Creativity Magazine

Denial: a Transitory Pain Killer

Posted on the 27 May 2012 by Muhammadhazem @MuhammadHazem

Denial: a transitory pain killer
''I—I can't do this. I just—''
'' LOOK, this is your life not mine! I am just doing my job as a professional. I have never said this before to a patient but you seriously do need to take the reins of your life, young man, '' the doctor impatiently interrupted while tapping the floor with his carefully polished shoes.
Silence permeated for a few slow-pacing seconds. The situation brought me immense discomfort. My wife sat across of me, looking disappointed. I forced myself off the chair and gestured for my wife to get off as well.
'' Before you go, Muhammad, '' the doctor remarked, '' you have to know that the prescription I wrote  down for you is your sole path to redemption. ''
'' Yea, '' I responded in defeat and indescribable frustration. 

I shuffled my way through the door, indicating my overwhelming feelings with a stagger and bowed head. '' I do not know what to say, Muhammad, '' my wife confessed. '' I know it is hard for you to accept the prescription and commit to it, but what choice do you have? '' She said in almost a whisper. At this precise moment, I collapsed in tears.

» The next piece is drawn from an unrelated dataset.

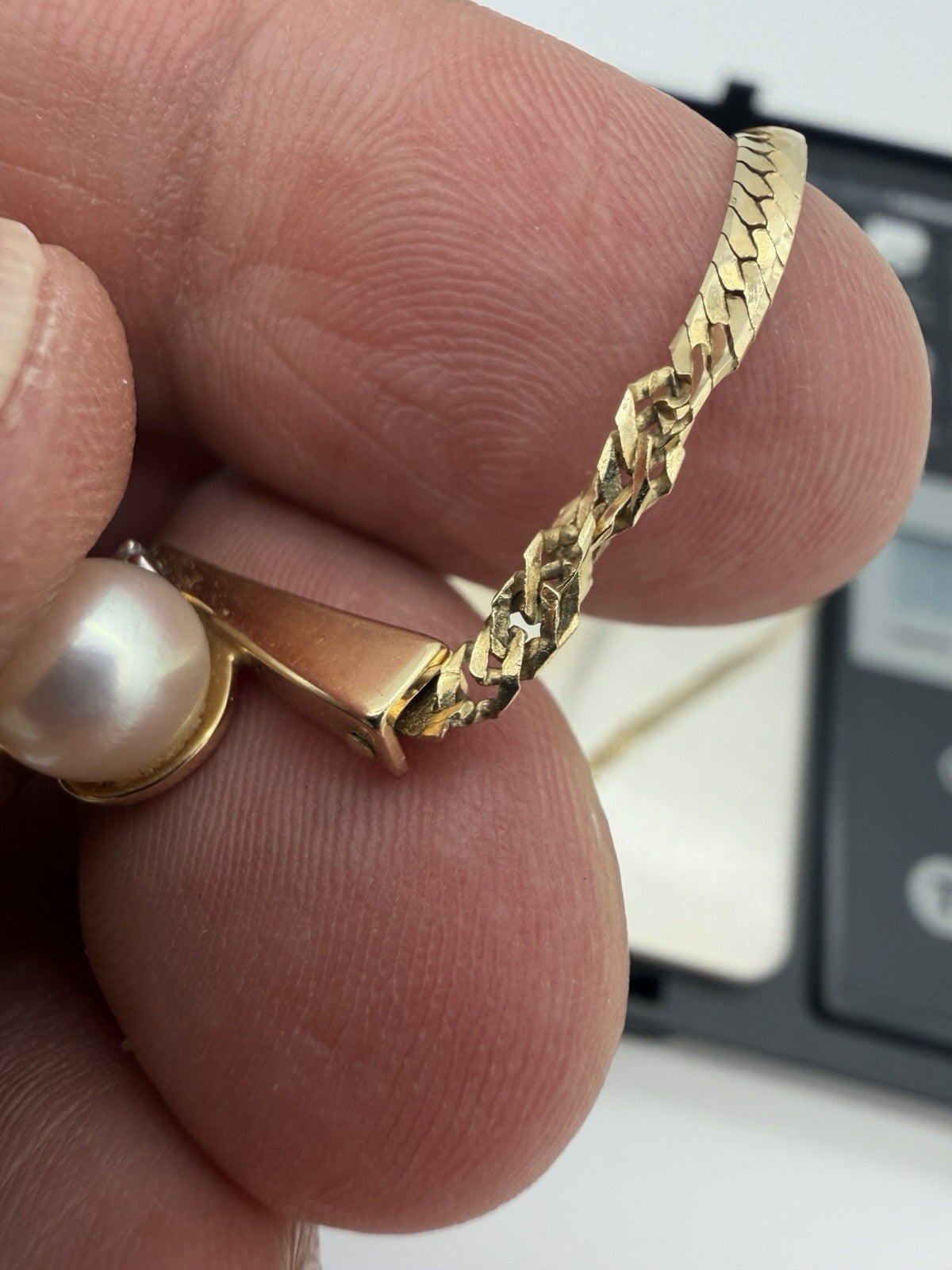 14k Italy Yellow Gold Herringbone V Drop Necklace 16”pearl Diamond 6g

I sobbed like a homeless child. I groaned and quivered. '' I am  sorry Nada for always letting you down, '' I feebly murmured.   As usual, my wife lavished her unconditioned motherly feelings on her insecure husband; a situation which   stripped me the right of ego-driven power.  '' It's okay, dear. We will work it out. I am here for you, '' She comforted as she crouched down to wipe  the tears of the child she did not gave birth to. I rested idly in the back seat as my wife drove us home. She peered at me with her smiling eyes through the front mirror, signifying her support in a non-verbal manner.  

I felt ashamed. I felt willing to face my illness. But my fear of confrontation outweighed any other inclinations. The prescription was shoved carelessly into my back pocket, crumpled like a useless receipt of purchase that offers no further benefit. 

We made it home. My wife swiftly abandoned the driver's seat and turned to open the door for her overweight husband; a husband whose problems added intangible extra pounds to his slim shape; a husband who flunked to portray the image of courage and relentlessness that would satisfy the emotional yearnings of a young woman. Rather, a young princess. 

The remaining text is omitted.